Should hostilities between Brooklyn and Queens ever break out, it is certain that their respective militaries will make every effort to take and control these passes. Ultimately, you’d want absolute command and control over Pulaski, Kosciuszko, and Greenpoint Avenue Bridges, although sentries and artillery units would no doubt be deployed all along the Newtown Creek to guard against an amphibious invasion. The crumbling bulkheads and industrial fence lines would no doubt make for a daunting landing, and the Queens faction would have a de facto advantage in the conflict due to their ability to deploy artillery on LIRR flatbed cars.
– photo by Mitch Waxman
The Brooklyn side would be devastated by the first wave of a rail based artillery attack, given the massive presence of oil storage tanks on the southern shoreline. The sewer plant would be an easily targeted site, but vast reserves of Kings County loyalist troops can be found to the South and could easily be brought to the front by the G line. I’m sure there would be a fierce battle in the G tunnel underneath the Vernon/Manhattan avenue area, fought by locally raised units. Lentol’s Leathernecks, and Nolan’s Raiders, would fortify on either side of the tube, with setups reminiscent of WW1 trenches. It wouldn’t be long before both sides resorted to the usage of wonder weapons like poison gas, supplies of which are easily attainable on either side of the fabled Newtown Creek.

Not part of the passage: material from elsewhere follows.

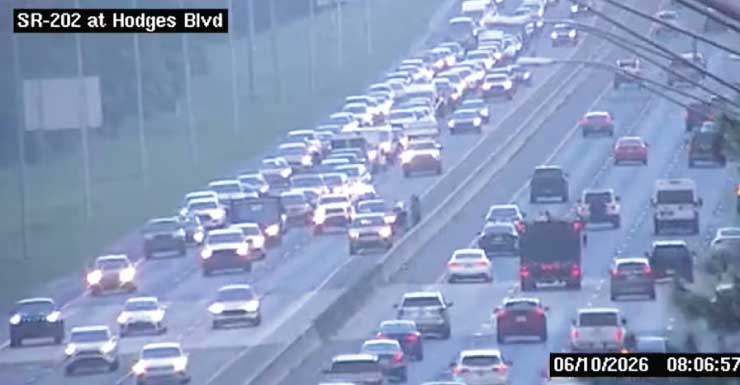 Reabren los carriles tras un accidente en los carriles en dirección este de JTB a la altura de Hodges Blvd.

Queens would likely attempt the use of the 7 line to ferry in reinforcement troops like Van Bramer’s Sunnyside Battalion and Dromm’s Sikh and Gurkha Jackson Heights Commandos and the terrifying forces of the Meng Men from Flushing and Elmhurst, while Brooklyn would likely use the L line to bring in Reynoso’s Roughnecks, Levin’s Loppers, and Reyna’s Reapers from points east and south. Further to the east – where the borders of Brooklyn and Queens are not aqueous but rather terrestrial in nature – Dilan’s Death Dealers, Liz Crowley’s Maquis Freedmen, and Joe Crowley’s Fenians (backed up on their flank by Grodenchik’s Garroters, Vallone’s Vanquishers, and Katz’s Killers) would all be engaged in a Stalingrad like guerrilla struggle over Maspeth, Ridgewood, and Fresh Pond.
Media attention on the conflict would be of course be focused on LIC and Greenpoint, since you could see that from Manhattan’s east side.

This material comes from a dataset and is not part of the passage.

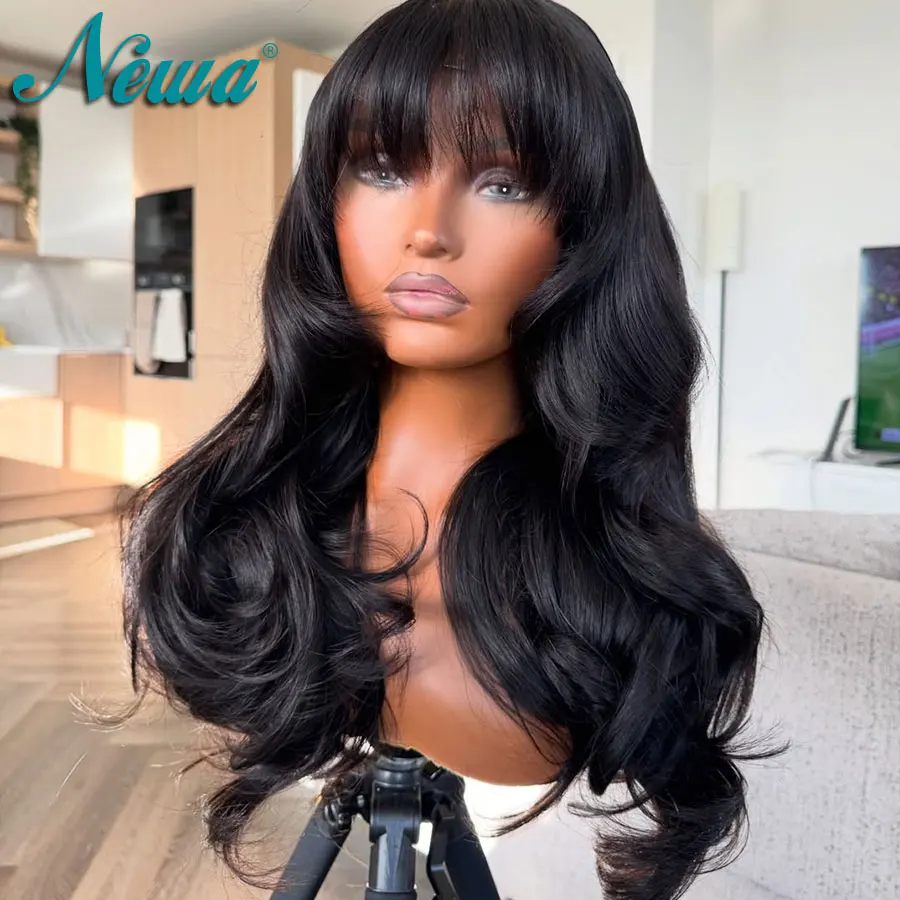 Newa الشعر غلويليس شعر مستعار مع الانفجارات 13x6/13x4 HD الدانتيل الباروكة الأمامية شعر طبيعي أسود HD الدانتيل إغلاق شعر مستعار قبل قطعها HD الباروكات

Irregular sappers, freelancers like the Gambinos and Latin Kings, would no doubt be utilized by both sides in this Blood War of the Boroughs.
– photo by Mitch Waxman
Whilst musing about the idea of internecine and interborough warfare, I suddenly realized that traffic had stopped flowing on the Greenpoint Avenue Bridge. Worrying that the dark day had arrived at last when the border of Brooklyn and Queens would be marked by fire and death, it suddenly became apparent that the DOT was preparing to open the bridge to allow a maritime transit.
Whooopppeeee!!!
– photo by Mitch Waxman
To all of those stopped in traffic, it must have appeared odd, seeing some despoiled creature In a filthy black raincoat jumping up and down while squealing with joy and waving a camera around.
A minor inconvenience experienced by others is often a moment of joy for me.
I got busy with the camera, and ran out onto the non movable part of the roadway, which is normally quite a chancey thing to do on the highly travelled span over Newtown Creek, as you’d get squished by a truck.
– photo by Mitch Waxman
God help me, but I just love watching a draw bridge at work. Also, check out those bike lanes. I encouraged a bicyclist to make a try for it, telling him he could easily jump the gap if he got enough headway speed. He ignored me and played with his phone instead.
Some people, I tell you, have no sense of adventure.
– photo by Mitch Waxman
The apogee of the bridge roadway’s open posture was attained shortly, and it rose in monolithic fashion. This is likely the position that the Bridge would be fixed into should hostilities between Brooklyn and Queens break out, which is offered as a strategic and or tactical note to the future combatants.
– photo by Mitch Waxman
In my incessant research of all things Newtown Creek, an eventuality in which the Creek would have become militarized was actually set down by the War Department of the United States, during the World Wars period of the early 20th century.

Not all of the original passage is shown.